Speaking of which, Daisy Ridley is the kind of forward-looking casting that Abrams has a real knack for, and it’s nice to see a woman at the center of Star Wars after the original trilogy had Carrie Fisher’s Leia play sister, love interest and mother all at once. Rey is easily the most competent character in the film, she never needs saving, and even though she’s nakedly the “chosen one” and given a lot of script-level advantages, it’s very easy to like and root for her. The same goes for Poe Dameron, who’s easily the most uncomplicated good guy the franchise has ever provided, and Finn, the turncoat First Order Stormtrooper, whose fish-out-of-water blundering the movie mines for its biggest laughs. These characters are much more than analogs for Luke, Han, and Leia; on the contrary, they’re probably more interesting and complex than any of them, and Adam Driver’s villain is easily the most intriguing Star Wars has ever had.
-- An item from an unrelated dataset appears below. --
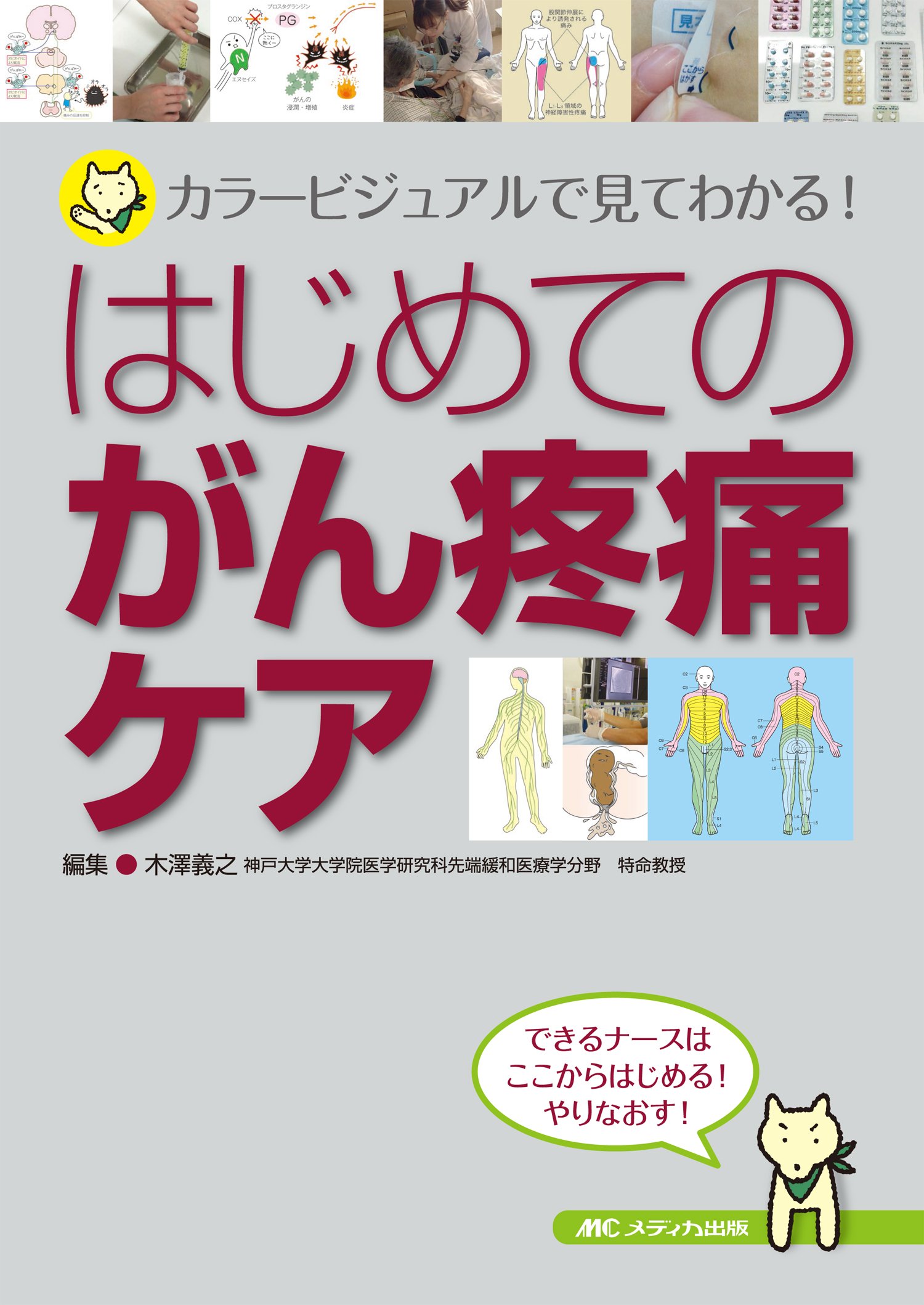 はじめてのがん疼痛ケア: カラービジュアルで見てわかる! | 木澤 義之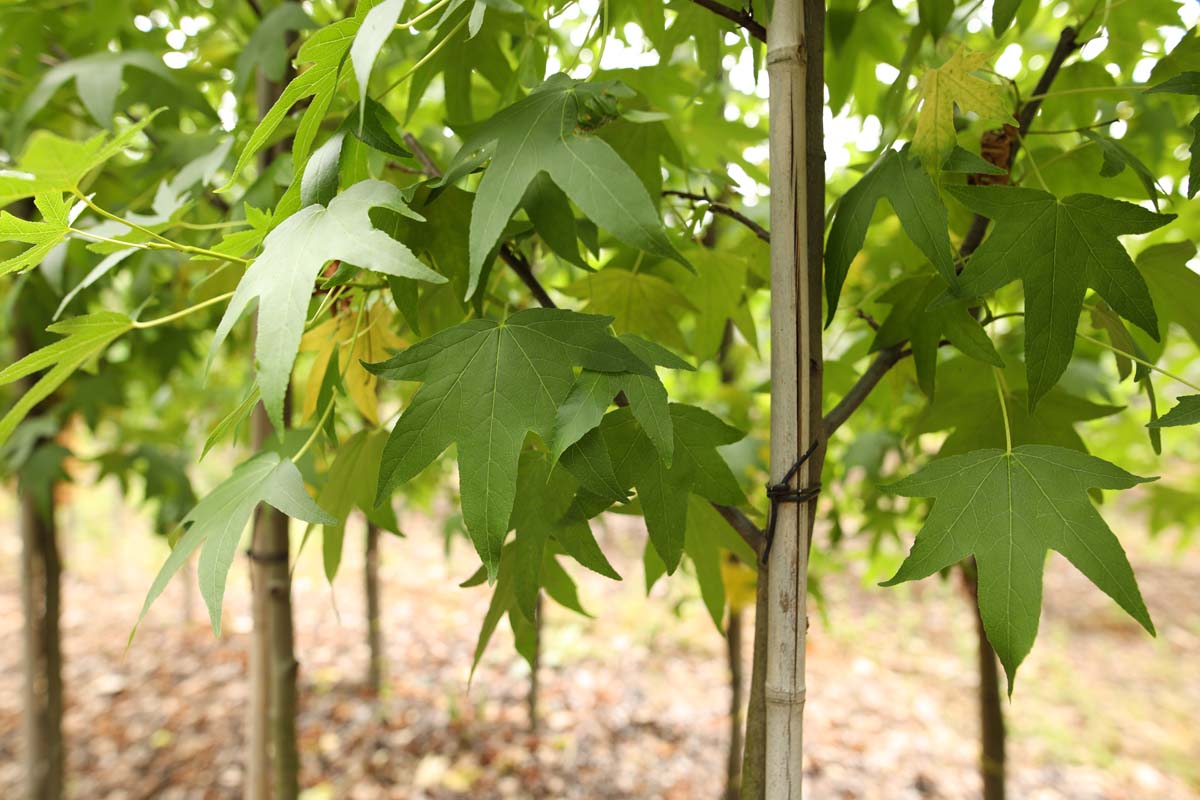 Liquidambar styraciflua 'Worplesdon' haagplant twijg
In a lot of ways, Kylo Ren is exactly what I always felt George Lucas tried (and failed) to achieve with Anakin Skywalker; morally-conflicted and psychologically-damaged, and frightening largely because he’s not in control – of his emotions or his tenuous position within the First Order. Kylo Ren’s a petulant little bundle of self-loathing, and I’m thrilled that whenever he removes his mask, Adam Driver’s dopey, sodden-eyed, non-threatening face is underneath it.

The Force Awakens is full of performances and character turns and story beats just like this, the kind that lull you into a comfortable sense of familiarity and then do just enough different to surprise or impress you. The movie is mostly content to riff on and rejig elements of the original trilogy, but it does just enough, and in just the right places, that a whole sequel’s worth of ideas gets shaken into the margins. A more thoughtful, less indulgent storyteller can do a lot with those, and what Abrams leaves behind is an iconic set of new heroes that we’re eager to follow into Episode VIII. The Force Awakens isn’t as good as any of the original trilogy, but it’s better than all of the prequels, and really, it does everything it needs to do in order to leave the future of the series looking bright. And that’s much more than I can say for any other Star Wars movie released in my lifetime, which each left the series looking as though it had no future at all.